* _Information shown_
-- Opening Marker --
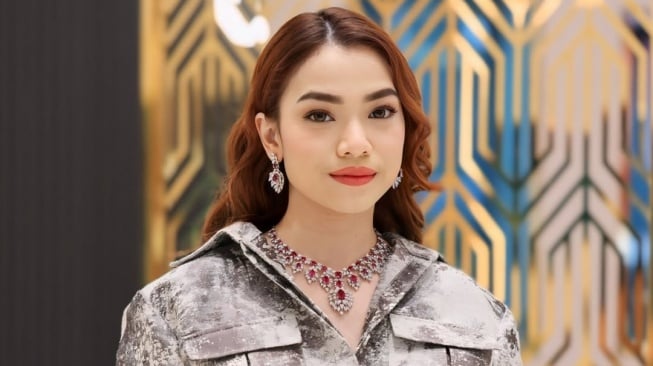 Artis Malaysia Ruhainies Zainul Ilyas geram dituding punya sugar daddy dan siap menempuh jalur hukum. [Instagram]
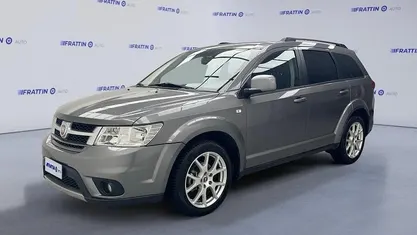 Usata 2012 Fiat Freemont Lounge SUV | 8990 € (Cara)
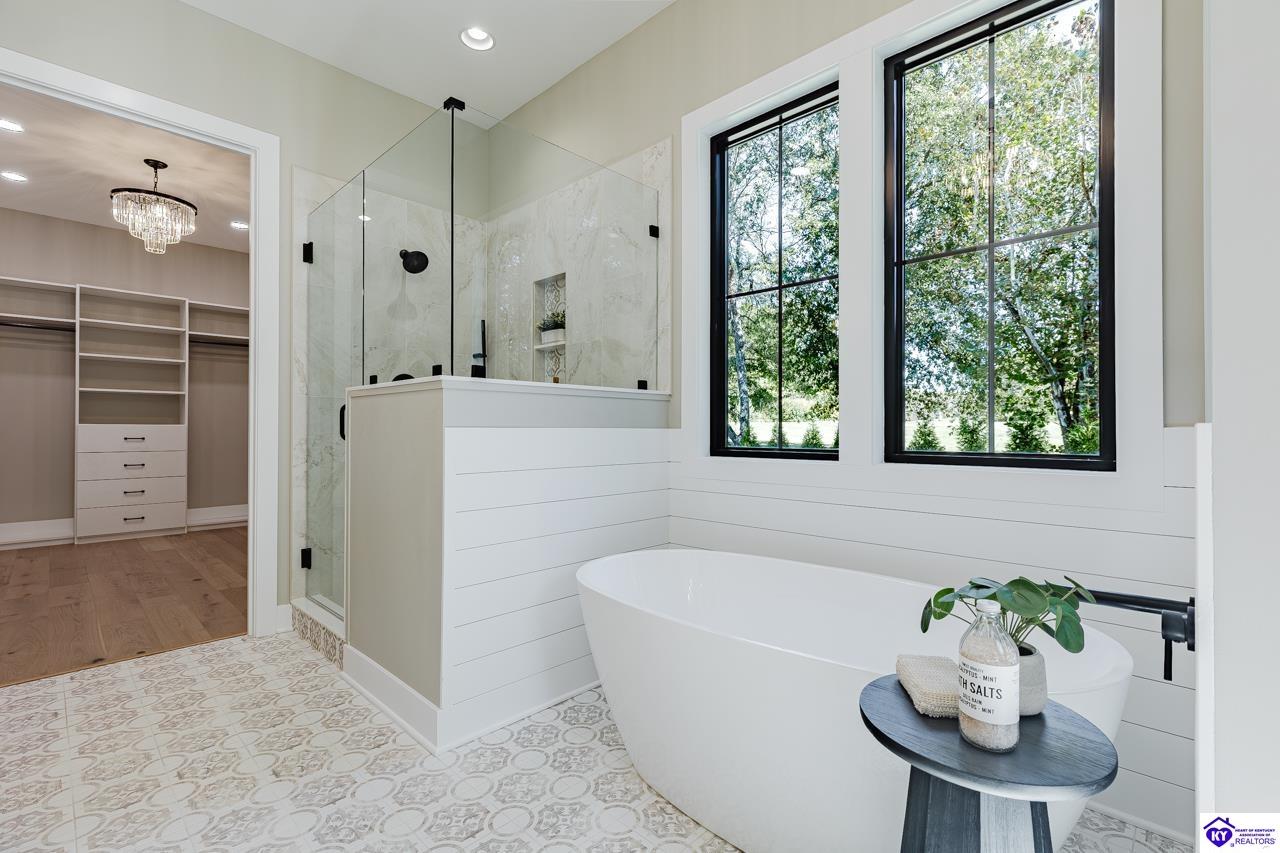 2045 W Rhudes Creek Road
-- Closing Marker --
* _Task instructions_
What is needed is the full material, retyped unchanged, with no pictures in it.

* _Answer for the task_
 Artis Malaysia Ruhainies Zainul Ilyas geram dituding punya sugar daddy dan siap menempuh jalur hukum. [Instagram]
 Usata 2012 Fiat Freemont Lounge SUV | 8990 € (Cara)
 2045 W Rhudes Creek Road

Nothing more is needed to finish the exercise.